### Task objective
Leave out the pictures and retype all the entries below exactly.

### Data to use

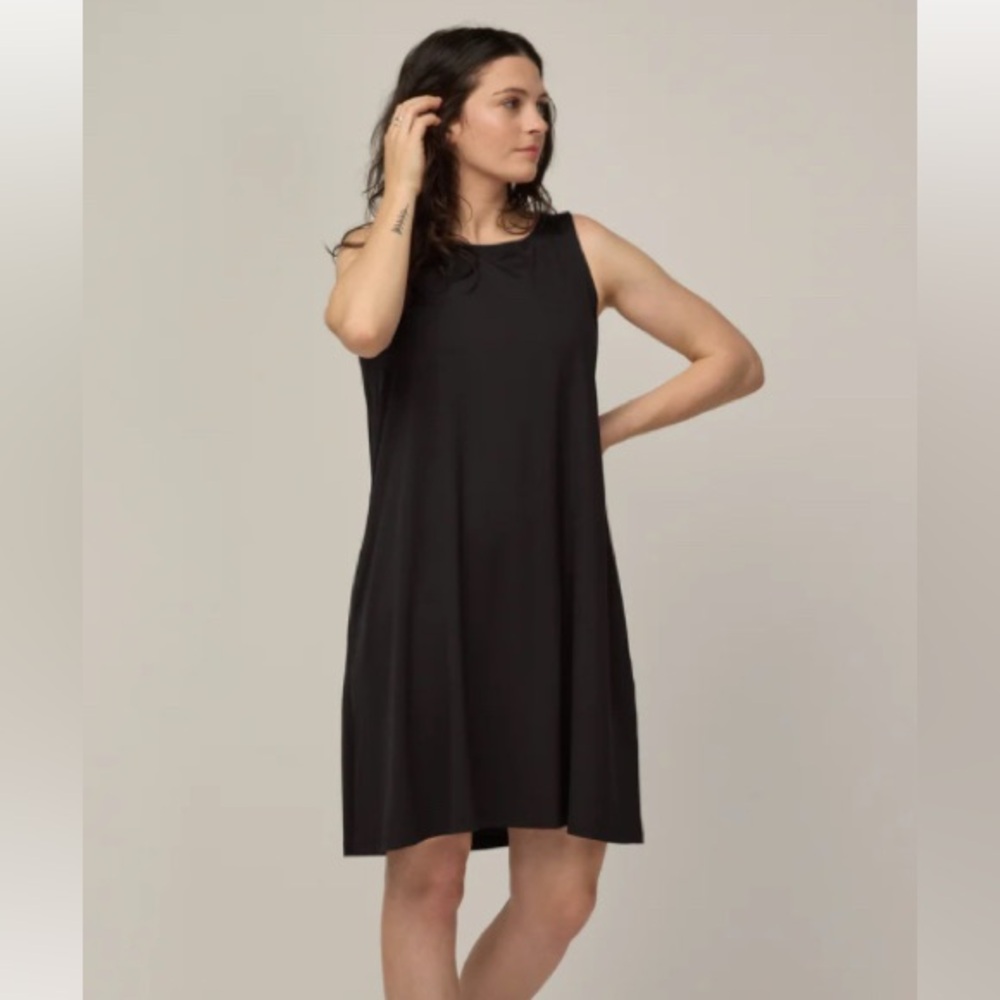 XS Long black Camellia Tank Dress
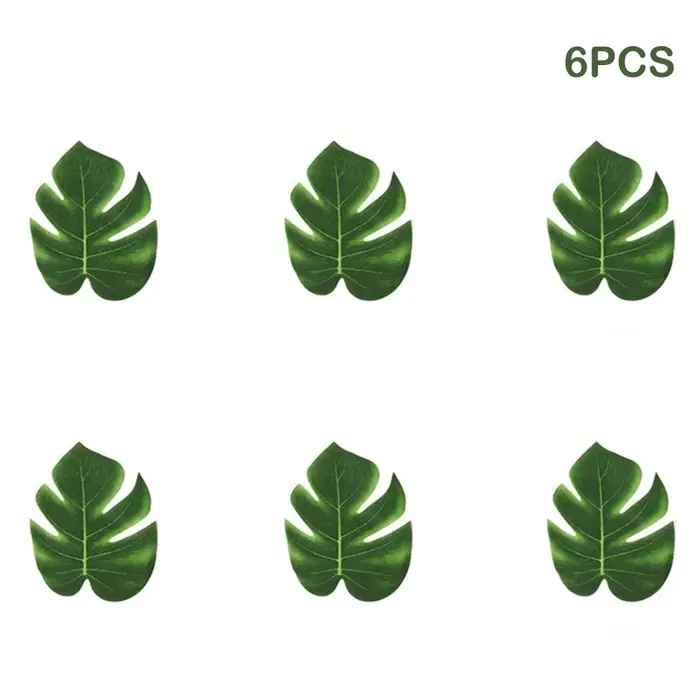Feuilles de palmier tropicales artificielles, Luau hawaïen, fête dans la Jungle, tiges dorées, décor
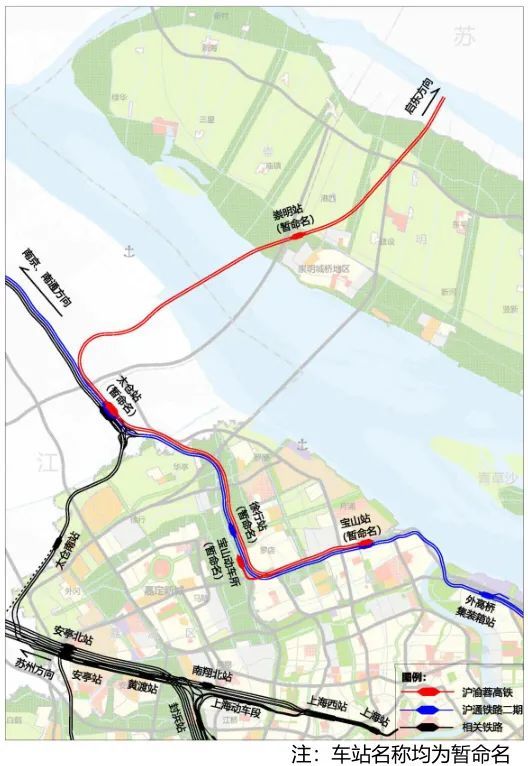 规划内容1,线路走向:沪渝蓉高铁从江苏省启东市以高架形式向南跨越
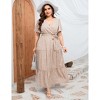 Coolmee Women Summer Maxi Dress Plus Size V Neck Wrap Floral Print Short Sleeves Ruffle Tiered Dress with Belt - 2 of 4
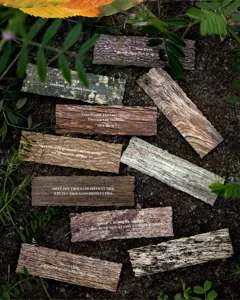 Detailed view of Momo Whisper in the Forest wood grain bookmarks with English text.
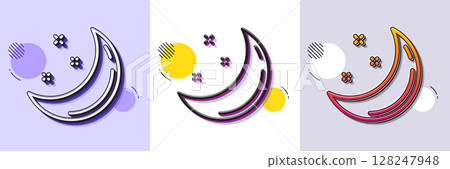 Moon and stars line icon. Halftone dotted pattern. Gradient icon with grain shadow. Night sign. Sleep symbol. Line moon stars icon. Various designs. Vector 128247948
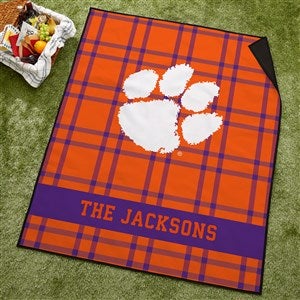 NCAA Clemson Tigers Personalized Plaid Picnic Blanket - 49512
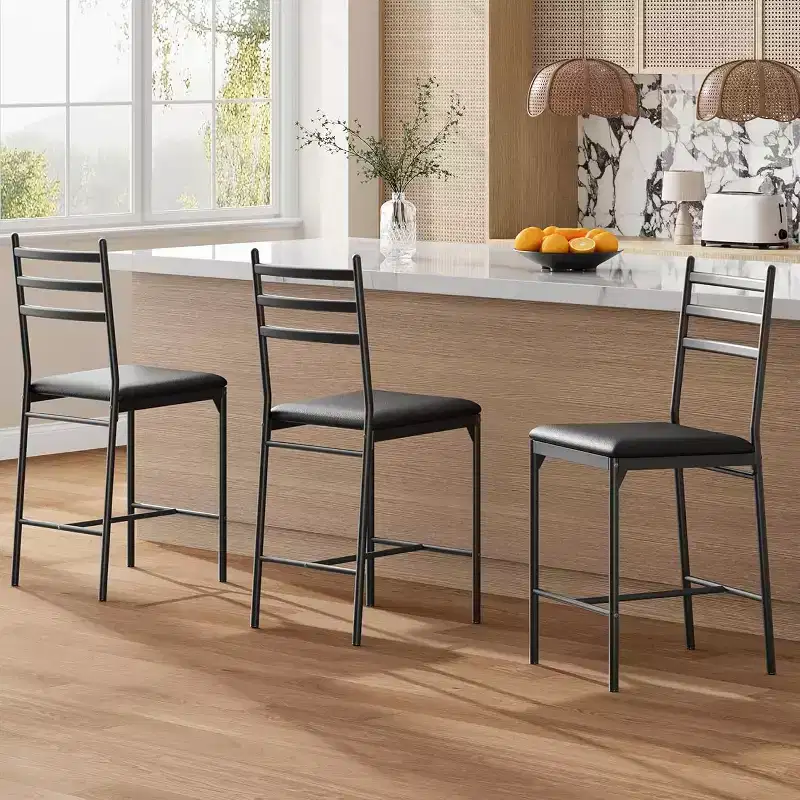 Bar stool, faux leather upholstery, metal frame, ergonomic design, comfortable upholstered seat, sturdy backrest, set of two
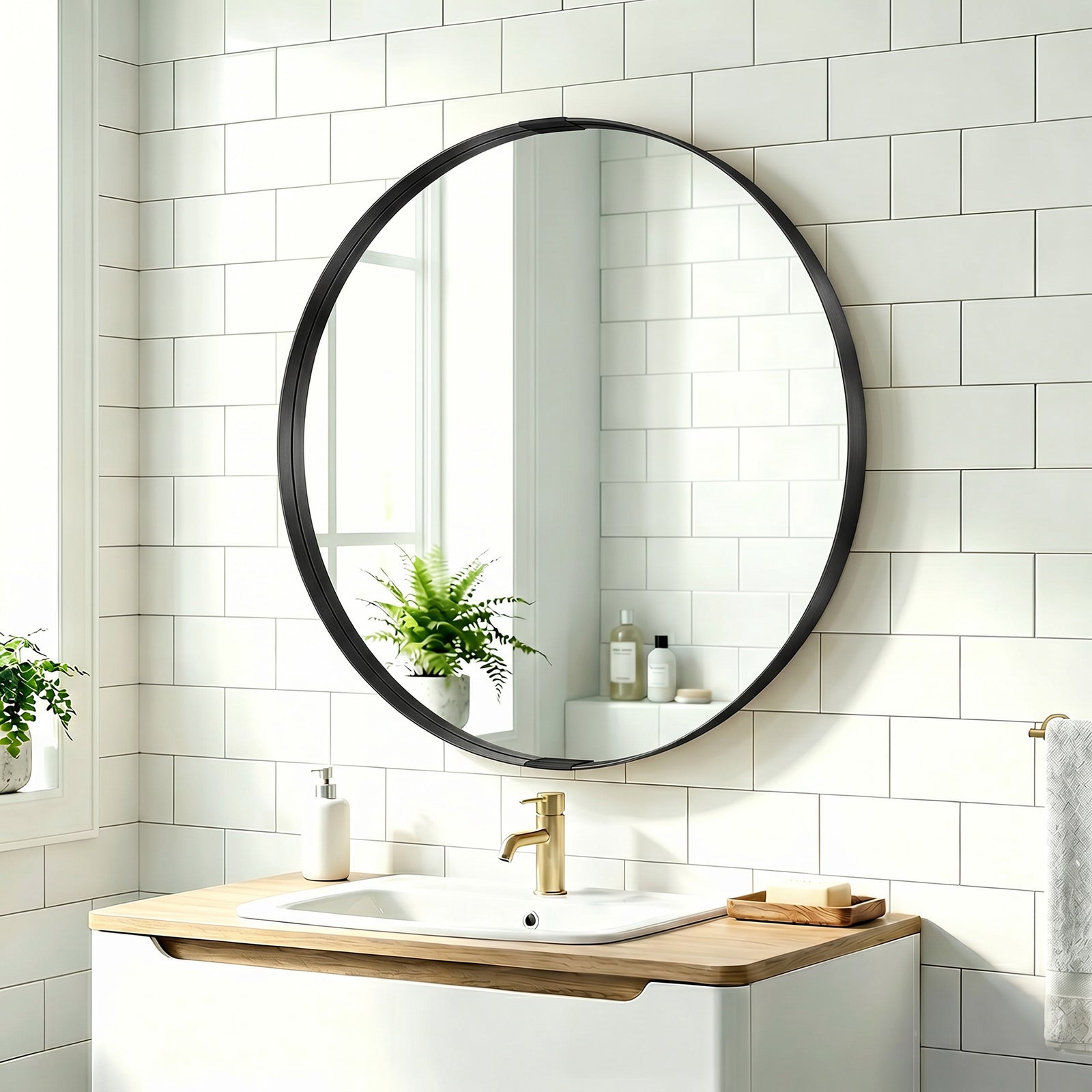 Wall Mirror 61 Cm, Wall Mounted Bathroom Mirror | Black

### The completed task
 XS Long black Camellia Tank Dress
Feuilles de palmier tropicales artificielles, Luau hawaïen, fête dans la Jungle, tiges dorées, décor
 规划内容1,线路走向:沪渝蓉高铁从江苏省启东市以高架形式向南跨越
 Coolmee Women Summer Maxi Dress Plus Size V Neck Wrap Floral Print Short Sleeves Ruffle Tiered Dress with Belt - 2 of 4
 Detailed view of Momo Whisper in the Forest wood grain bookmarks with English text.
 Moon and stars line icon. Halftone dotted pattern. Gradient icon with grain shadow. Night sign. Sleep symbol. Line moon stars icon. Various designs. Vector 128247948
 NCAA Clemson Tigers Personalized Plaid Picnic Blanket - 49512
 Bar stool, faux leather upholstery, metal frame, ergonomic design, comfortable upholstered seat, sturdy backrest, set of two
 Wall Mirror 61 Cm, Wall Mounted Bathroom Mirror | Black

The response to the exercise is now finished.